We distribute the orc tools in our native-toolchain. They are useful for debugging orc issues, e.g. dumping the metadata, contents or stats of an orc file. Note that they are in the same version of the liborc.a that Impala uses. So we can use them to simplify our debugging.

Step-by-step guide

  1. Check the missing dynamic libraries and add their folder in env variable LD_LIBRARY_PATH
  2. Use the tools with LD_LIBRARY_PATH set

First check whether the required dynamic libs can be found.

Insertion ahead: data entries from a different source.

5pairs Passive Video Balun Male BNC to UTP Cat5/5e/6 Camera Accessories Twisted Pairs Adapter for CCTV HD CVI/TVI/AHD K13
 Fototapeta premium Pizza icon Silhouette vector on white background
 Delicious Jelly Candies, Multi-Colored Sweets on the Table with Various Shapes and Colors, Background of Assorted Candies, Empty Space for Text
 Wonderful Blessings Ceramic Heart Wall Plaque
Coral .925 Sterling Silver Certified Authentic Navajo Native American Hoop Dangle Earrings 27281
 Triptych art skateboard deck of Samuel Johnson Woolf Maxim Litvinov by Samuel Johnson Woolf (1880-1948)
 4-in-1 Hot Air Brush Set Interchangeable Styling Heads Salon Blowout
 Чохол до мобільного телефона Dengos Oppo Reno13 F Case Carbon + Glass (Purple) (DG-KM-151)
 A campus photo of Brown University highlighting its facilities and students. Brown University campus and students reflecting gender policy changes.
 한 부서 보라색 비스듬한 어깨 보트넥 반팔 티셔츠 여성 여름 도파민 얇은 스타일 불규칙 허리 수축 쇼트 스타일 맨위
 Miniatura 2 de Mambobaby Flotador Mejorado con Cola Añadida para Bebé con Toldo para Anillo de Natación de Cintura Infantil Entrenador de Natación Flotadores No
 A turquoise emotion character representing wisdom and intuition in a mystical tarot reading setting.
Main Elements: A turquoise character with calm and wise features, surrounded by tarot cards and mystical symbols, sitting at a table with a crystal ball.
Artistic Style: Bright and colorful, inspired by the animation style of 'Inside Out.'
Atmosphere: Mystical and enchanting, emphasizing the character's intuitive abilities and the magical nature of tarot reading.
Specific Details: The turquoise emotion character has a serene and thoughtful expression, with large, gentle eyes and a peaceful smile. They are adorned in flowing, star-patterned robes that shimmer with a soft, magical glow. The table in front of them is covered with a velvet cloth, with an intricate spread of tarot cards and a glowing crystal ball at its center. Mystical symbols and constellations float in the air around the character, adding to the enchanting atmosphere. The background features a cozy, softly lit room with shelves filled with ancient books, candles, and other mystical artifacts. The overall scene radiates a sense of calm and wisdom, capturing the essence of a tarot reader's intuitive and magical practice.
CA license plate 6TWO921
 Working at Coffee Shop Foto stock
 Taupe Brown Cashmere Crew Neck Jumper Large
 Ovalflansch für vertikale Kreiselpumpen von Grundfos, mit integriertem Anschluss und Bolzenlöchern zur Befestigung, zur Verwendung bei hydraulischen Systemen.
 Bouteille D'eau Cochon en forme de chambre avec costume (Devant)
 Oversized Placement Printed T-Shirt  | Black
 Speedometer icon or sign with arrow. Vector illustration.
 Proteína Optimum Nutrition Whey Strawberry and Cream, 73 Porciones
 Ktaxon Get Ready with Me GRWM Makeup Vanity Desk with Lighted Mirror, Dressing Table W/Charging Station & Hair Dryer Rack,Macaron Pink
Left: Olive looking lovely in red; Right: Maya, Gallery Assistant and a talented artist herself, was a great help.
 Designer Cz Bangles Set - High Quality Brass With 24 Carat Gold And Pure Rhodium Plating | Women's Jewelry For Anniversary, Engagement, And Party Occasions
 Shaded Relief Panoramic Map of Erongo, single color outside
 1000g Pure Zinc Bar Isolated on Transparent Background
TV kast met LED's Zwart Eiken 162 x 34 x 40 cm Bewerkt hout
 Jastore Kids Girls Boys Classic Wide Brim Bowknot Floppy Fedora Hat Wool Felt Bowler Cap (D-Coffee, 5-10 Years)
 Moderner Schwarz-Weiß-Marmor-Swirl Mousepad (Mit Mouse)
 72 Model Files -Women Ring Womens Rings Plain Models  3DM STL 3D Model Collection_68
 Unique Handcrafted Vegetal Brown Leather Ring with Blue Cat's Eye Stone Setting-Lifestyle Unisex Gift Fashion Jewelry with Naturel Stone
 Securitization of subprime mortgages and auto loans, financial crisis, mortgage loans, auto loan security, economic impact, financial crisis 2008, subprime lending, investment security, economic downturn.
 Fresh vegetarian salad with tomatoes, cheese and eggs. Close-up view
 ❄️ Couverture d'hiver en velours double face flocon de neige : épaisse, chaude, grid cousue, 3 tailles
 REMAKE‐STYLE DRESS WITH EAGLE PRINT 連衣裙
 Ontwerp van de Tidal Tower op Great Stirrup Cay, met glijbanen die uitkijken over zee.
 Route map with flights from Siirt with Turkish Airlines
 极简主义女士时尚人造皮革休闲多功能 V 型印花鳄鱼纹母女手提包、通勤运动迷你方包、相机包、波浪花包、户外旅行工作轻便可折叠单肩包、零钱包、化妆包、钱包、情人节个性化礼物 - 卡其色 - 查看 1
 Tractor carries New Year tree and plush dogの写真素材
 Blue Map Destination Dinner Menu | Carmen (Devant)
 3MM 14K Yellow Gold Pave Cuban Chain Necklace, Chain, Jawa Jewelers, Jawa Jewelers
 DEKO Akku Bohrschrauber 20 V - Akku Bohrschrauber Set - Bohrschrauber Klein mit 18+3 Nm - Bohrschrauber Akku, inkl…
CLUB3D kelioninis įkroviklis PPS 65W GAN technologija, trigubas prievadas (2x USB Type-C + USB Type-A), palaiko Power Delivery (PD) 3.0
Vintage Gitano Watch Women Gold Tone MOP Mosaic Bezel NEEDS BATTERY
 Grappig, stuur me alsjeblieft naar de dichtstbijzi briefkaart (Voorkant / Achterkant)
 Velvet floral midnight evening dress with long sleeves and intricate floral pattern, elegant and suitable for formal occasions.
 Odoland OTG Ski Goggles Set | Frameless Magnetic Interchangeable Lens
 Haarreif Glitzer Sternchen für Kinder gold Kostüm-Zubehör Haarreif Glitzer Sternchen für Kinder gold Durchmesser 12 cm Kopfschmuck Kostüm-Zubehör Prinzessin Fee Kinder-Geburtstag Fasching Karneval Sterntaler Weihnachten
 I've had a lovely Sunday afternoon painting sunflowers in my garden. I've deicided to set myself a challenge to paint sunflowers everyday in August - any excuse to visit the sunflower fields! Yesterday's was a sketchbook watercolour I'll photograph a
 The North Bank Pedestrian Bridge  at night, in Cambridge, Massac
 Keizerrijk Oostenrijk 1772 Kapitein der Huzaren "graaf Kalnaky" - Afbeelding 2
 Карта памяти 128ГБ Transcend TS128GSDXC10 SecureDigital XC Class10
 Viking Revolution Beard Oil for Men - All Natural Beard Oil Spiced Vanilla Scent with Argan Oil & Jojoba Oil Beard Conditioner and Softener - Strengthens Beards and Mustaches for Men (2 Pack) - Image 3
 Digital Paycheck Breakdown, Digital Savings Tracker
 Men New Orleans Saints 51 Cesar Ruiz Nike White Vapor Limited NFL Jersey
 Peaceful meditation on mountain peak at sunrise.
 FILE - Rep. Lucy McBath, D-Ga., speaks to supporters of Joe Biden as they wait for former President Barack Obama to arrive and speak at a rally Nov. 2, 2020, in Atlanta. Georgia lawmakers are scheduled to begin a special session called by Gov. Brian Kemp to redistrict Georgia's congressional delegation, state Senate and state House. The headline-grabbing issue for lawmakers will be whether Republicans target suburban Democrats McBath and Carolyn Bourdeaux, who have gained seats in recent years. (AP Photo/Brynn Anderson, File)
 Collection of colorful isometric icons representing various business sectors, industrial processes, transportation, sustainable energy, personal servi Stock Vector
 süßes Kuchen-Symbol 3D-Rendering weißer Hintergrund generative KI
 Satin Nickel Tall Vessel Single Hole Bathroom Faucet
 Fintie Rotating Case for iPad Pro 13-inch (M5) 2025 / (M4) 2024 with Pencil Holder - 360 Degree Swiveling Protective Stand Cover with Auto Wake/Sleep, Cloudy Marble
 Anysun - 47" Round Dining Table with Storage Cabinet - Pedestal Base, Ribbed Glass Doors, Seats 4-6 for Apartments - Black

You may see errors like this:

$ /home/quanlong/workspace/Impala/toolchain/toolchain-packages-gcc7.5.0/orc-1.7.0-p4/bin/orc-contents
/home/quanlong/workspace/Impala/toolchain/toolchain-packages-gcc7.5.0/orc-1.7.0-p4/bin/orc-contents: error while loading shared libraries: libprotobuf.so.15: cannot open shared object file: No such file or directory

Use ldd to check what are missing:

$ ldd $IMPALA_TOOLCHAIN_PACKAGES_HOME/orc-1.7.0-p4/bin/orc-contents 
	linux-vdso.so.1 =>  (0x00007fff7aa7f000)
	libpthread.so.0 => /lib/x86_64-linux-gnu/libpthread.so.0 (0x00007fd249f20000)
	libprotobuf.so.15 => not found
	libsnappy.so.1 => not found
	liblz4.so.1 => /usr/lib/x86_64-linux-gnu/liblz4.so.1 (0x00007fd249d08000)
	libstdc++.so.6 => /home/quanlong/workspace/Impala/toolchain/toolchain-packages-gcc7.5.0/orc-1.7.0-p4/bin/../lib/libstdc++.so.6 (0x00007fd249985000)
	libm.so.6 => /lib/x86_64-linux-gnu/libm.so.6 (0x00007fd24967c000)
	libgcc_s.so.1 => /home/quanlong/workspace/Impala/toolchain/toolchain-packages-gcc7.5.0/orc-1.7.0-p4/bin/../lib/libgcc_s.so.1 (0x00007fd249466000)
	libc.so.6 => /lib/x86_64-linux-gnu/libc.so.6 (0x00007fd24909c000)
	/lib64/ld-linux-x86-64.so.2 (0x00007fd24a13d000)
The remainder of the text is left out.